Commercial Real Estate Developer
 

I'd say that diversity is not the problem itself (but you know I'm posting anonymously for a reason). The problem is how far it is being taken. I think that if a bank organizes some event where senior women can meet with junior women then really no one is hurt. This is cool. The problem is HR taken it too far. I then think why does HR take it so far? And the answer is this:

HR HAS NOTHING TO DO ALL DAY EXCEPT FOR THINKING ABOUT NEW BULLSHIT WAYS TO PRETEND THEY HAVE A REAL JOB

So I say the future of HR departments is this:

  • If 3 of your hires underperforms and are fired you are fired immediately.

  • If 3 of your hires leave before 2 years at the company you are fired immediately.

  • Have all HR planned activities include anonymous scores from staff. Anything under 20% approval gets you fired immediately.
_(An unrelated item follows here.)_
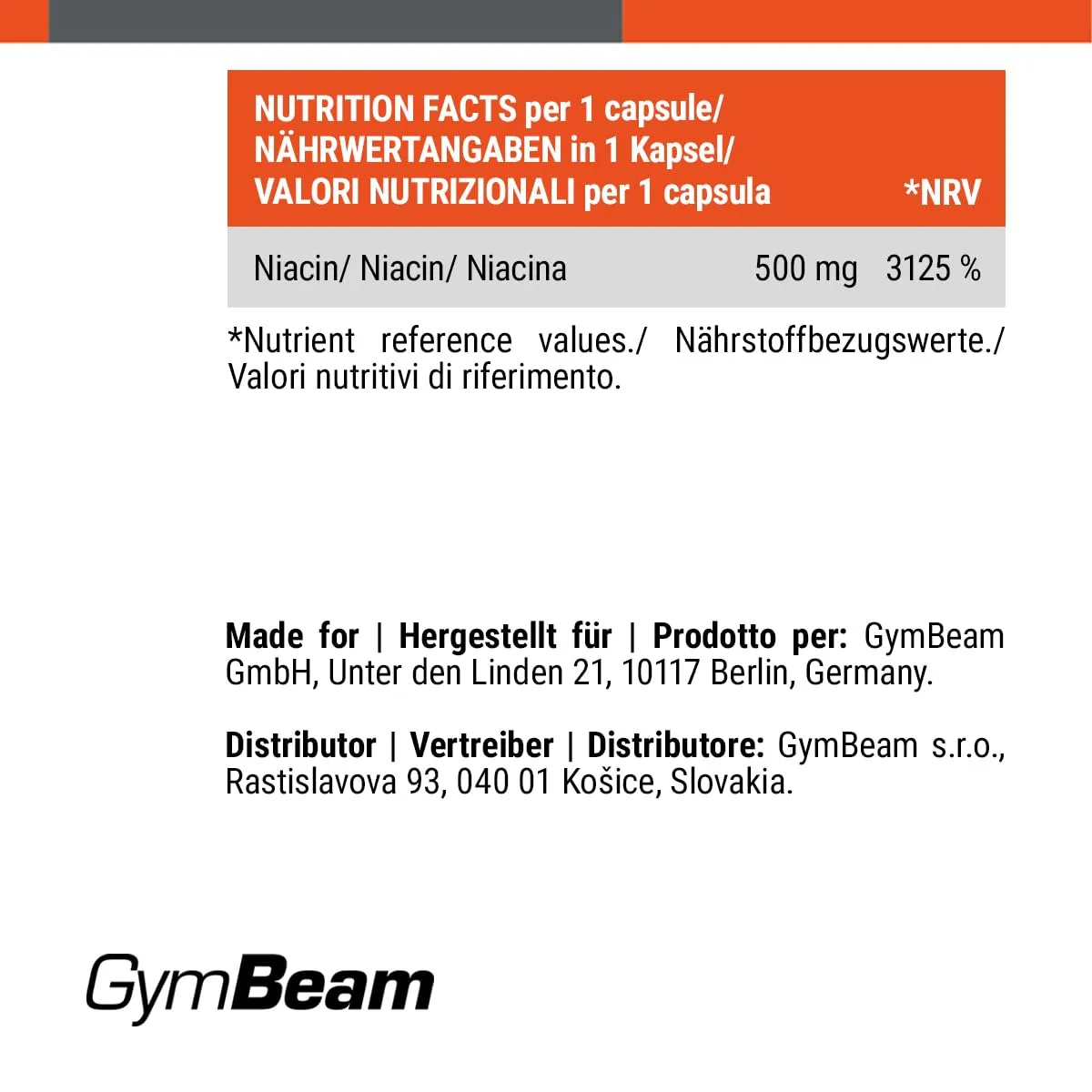 GymBeam Vitamin B3 Niacin Kapseln 90 Stück vegan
I could think of more but the general idea is this: you know why we don't have time for this bullshit? BECAUSE WE ARE ACTUALLY MAKING MONEY AND LEAVING THE OFFICE AT LIKE 10 PM JUST TO DELIVER. On the other hand HR has nothing to do all day, leave immediately at 5 PM to go home jerk off some more and then come the next day to do nothing once again. Then eventually someone asks their VP about how to justify their budget and how do they justify it? Well, look at all these pointless activities we are organizing! We need all this money you are giving us!

 

Posts like these are upsetting. I’m not saying there aren’t people who are bad at their job or that there are redundancies at firms that don’t make sense, but listen to yourself. You make such general remarks that are pretty distant to what I’ve seen across the industry. There is also this attitude that keeps popping up of “we’re so much better than everyone else” or “we are the money makers” that is at many levels wrong and arrogant in a way that it is generally bad for your career long term. You both don’t have enough time to bother with “this shit” AND think HR is a waste, which is it? You might be saying that the size of the department is too large and I have no idea where you work but I don’t feel that way. I would highlight two things:

1) Almost across the board, HR doesn’t make hire decisions, the senior people of the group do. So firing someone from HR over candidates that don’t do well seems off. You (and your seniors) make the decision (again across most firms)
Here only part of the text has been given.